> Brief:
Beginning with the first line, please repeat the entries exactly and end on the line that contains "A Handsome gay".

Dataset entries:
= = =
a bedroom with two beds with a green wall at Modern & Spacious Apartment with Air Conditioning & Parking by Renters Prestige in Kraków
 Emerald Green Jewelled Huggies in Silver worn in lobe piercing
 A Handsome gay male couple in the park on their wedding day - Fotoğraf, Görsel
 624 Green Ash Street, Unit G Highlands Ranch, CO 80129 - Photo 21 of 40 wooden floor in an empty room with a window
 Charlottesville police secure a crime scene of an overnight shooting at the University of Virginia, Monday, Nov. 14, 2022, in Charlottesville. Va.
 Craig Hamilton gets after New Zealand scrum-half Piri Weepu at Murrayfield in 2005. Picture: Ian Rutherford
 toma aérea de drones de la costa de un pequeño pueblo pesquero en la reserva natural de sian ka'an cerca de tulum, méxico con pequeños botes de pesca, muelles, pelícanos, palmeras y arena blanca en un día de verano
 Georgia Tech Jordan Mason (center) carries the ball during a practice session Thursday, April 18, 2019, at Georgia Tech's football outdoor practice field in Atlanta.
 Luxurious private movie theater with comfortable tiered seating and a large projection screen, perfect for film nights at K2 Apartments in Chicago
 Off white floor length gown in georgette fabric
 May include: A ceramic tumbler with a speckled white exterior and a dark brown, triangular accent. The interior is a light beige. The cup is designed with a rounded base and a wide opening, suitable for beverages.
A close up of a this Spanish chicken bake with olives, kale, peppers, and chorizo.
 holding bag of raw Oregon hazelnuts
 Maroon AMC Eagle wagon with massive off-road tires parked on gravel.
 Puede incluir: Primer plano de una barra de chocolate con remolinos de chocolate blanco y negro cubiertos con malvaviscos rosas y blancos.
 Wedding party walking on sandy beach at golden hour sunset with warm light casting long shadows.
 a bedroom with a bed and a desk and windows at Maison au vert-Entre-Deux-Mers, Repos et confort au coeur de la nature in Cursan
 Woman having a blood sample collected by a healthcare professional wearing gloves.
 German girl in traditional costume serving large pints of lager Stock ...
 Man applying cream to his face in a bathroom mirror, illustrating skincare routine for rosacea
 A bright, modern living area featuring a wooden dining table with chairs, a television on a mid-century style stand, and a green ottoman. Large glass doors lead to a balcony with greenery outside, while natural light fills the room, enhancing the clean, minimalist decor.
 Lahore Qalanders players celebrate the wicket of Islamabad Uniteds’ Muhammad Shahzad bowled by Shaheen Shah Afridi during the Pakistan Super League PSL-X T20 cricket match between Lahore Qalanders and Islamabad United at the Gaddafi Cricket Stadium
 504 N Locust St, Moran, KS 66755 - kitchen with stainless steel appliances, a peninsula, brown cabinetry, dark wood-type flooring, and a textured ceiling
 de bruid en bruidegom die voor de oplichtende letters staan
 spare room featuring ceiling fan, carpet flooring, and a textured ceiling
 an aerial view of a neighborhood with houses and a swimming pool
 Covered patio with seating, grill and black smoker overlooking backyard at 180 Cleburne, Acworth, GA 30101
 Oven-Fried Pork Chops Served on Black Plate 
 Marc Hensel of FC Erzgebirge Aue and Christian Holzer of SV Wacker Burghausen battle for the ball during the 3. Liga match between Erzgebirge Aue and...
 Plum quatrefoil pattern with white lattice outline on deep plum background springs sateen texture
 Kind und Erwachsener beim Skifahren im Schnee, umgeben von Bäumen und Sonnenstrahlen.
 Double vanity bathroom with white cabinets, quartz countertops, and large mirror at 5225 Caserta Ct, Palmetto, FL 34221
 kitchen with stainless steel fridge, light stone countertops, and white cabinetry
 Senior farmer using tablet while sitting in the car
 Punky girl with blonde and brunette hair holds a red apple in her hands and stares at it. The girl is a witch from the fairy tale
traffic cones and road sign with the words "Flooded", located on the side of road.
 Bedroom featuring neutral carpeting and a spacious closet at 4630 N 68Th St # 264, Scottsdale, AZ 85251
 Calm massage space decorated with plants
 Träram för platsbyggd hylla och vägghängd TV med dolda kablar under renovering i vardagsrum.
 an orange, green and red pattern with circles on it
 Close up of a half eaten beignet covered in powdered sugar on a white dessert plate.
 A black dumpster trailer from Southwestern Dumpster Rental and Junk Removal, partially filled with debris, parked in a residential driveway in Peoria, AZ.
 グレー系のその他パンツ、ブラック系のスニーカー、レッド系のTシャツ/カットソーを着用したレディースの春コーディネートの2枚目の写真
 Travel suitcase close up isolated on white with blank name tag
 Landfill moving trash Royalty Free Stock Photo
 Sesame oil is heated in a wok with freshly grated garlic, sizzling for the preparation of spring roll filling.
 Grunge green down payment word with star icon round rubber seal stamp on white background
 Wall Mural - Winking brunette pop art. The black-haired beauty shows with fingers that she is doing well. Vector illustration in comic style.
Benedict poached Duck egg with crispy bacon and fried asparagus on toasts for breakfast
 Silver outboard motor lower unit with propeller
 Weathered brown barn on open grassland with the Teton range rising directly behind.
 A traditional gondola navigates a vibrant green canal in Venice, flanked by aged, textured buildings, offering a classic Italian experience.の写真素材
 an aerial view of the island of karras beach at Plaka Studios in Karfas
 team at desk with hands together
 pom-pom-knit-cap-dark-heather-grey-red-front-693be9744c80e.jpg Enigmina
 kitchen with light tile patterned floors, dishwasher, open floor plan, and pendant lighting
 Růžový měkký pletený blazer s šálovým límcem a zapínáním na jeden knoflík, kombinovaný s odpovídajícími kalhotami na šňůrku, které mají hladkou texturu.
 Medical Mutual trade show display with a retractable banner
= = =
> Task answer:
a bedroom with two beds with a green wall at Modern & Spacious Apartment with Air Conditioning & Parking by Renters Prestige in Kraków
 Emerald Green Jewelled Huggies in Silver worn in lobe piercing
 A Handsome gay male couple in the park on their wedding day - Fotoğraf, Görsel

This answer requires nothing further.